Местность просто завораживала. Сразу после песчаной отмели начинался глухой густой лиственный лес. Молодой и очень светлый местами. Потом полоса старого леса с буреломами и непроходимыми зарослями. Трудно сказать, почему такое чередование, – возможно после каких-то природных катаклизмов, – например смерча или лесного пожара. Не знаю. Надо окопаться в старых записях в церкви или управляющих… Хотя, кто там мог такие события регистрировать. Да и я навряд ли полезу искать и ворошить старые пыльные бумаги только для того, чтобы узнать, был ли за последнее столетие большой пожар в лесополосе, да еще прошел ли он полосой. Только при таком вот путешествии могли прийти в голову такие мысли…

За поворотом реки я увидел вдалеке помост. Небольшая деревянная площадка в воде у берега реки, пруда и т. п. для полоскания белья, для причала лодок и т. п. над поверхностью реки. Он издавна был местом для полоскания белья всеми жителями ближних деревень. Они группами и поодиночке прямо с этих подмостков выполаскивали белье в реке. Чаще всего, конечно, это были женщины разных возрастов.

Я подъехал на коне и спрыгнул около помоста. Женщина средних лет смотрела на меня из под руки против солнца. Когда она меня узнала, – своего барина, – то просто пала ниц, так и стоя на коленях. Она стирала и полоскала белье прямо на мостку, и оно было разложено вокруг нее на досках. Она улыбалась, глядя на меня снизу вверх.

– Здравствуйте, барин. Я очень рада Вас видеть. Как Ваше здоровье?

Я сел около нее, снял сапоги и поболтал ногами в воде.

– Сядь рядом. Хватит стоять на коленях. Ноги-то поди болят от длительной стирки?

– Нет, барин, на болят, – ответила она, садясь рядом и так же опустив ноги в воду. – Я привычная. Я часто здесь стираю.

– Тебя как зовут-то?

– Акулина.

– Орлица, значит? – улыбнулся я. – А живешь где?

– Живу я неподалеку, в деревне, – и она назвала свою деревню.

– А почему рядом с деревней не стираешь? Это же далеко отсюда мокрое белье носить.

– А мне не тяжело. Просто здесь мало кто из баб бывает, вода чище потому. Да и нет толпы на мостках. Не люблю я, когда много народу толчется рядом.

– А не боишься тут одна?

– А что мне бояться? Бандитов в наших краях нет, а свои меня все знают. А Вас я сразу признала, как подъехали. Мы всем селом когда-то вас приветствовали еще при батюшке Вашем. Я тогда еще девчонкой была.

– А в усадьбе ты не работала разве?

– Нет, мы с моим мужем туда зерно привозили в прошлом году. Там я Вас тоже видела. А Вы с кем-то разговаривали долго, пока мы зерно сдавали Евдокии.

– Дети-то у тебя есть?

– Нет, не дал Бог пока. Мы с мужем и свечки ставили в храме, и молились истово, но пока нет.

– Ладно, ты стирай, а я пока посижу рядом.
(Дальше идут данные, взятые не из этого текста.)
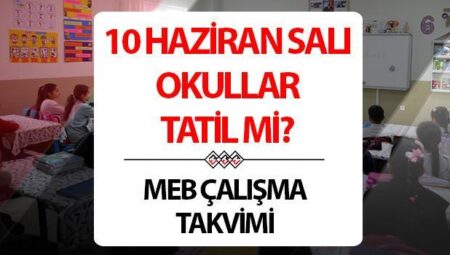 Yarın okullar tatil mi 10 Haziran 2025 Salı? | Yarın okullar açılıyor mu, okul var mı? İşte Kurban Bayramı sonrası okulların açılış tarihi!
Не обращай на меня внимание,– просто отдохну.

Женщина опять встала на колени и начала стирать и полоскать свои вещи. Она наклонялась с мостков к воде, выставив вверх ягодицы, прикрытые длинной юбкой. Правда юбку она подоткнула за пояс, и по дней стали видны ее ноги. Я смотрел на ноги и думал, что не обязательно отсутствие детей может быть в ней. Может же быть бесплодным муж, но никто не знает и никогда не узнает об этом. Мужу она не изменяет, а иначе никак не узнать.
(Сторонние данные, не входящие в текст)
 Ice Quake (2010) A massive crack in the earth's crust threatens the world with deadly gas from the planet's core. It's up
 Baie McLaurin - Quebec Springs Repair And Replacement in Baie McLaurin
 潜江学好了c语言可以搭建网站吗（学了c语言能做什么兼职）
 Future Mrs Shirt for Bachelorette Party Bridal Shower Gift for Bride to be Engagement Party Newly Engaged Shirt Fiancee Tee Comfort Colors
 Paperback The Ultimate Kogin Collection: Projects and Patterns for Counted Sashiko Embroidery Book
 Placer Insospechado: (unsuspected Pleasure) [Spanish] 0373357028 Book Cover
Протянутой рукой я погладил по бедру. Акулина вздрогнула и замерла. Прямо над поверхностью воды и замерла. С бельем в реках, которое полоскала.

– Барин, а можно так? – спросила она.

– Со своим барином можно. Это как манна небесная для женщины. Я чужим мужчиной нельзя.

Акулина посмотрела на меня и немного придвинулась ко мне, словно чтобы я не тянулся к ней, если буду снова гладить. Я тоже придвинулся и глубже залез ей под юбку, начав гладить по холодному бедру. Кожа была гладкая, нежная. Хотя у женщин кожа на внутренней поверхности бедра всегда нежная, но в этот момент меня это как-то особенно тронуло.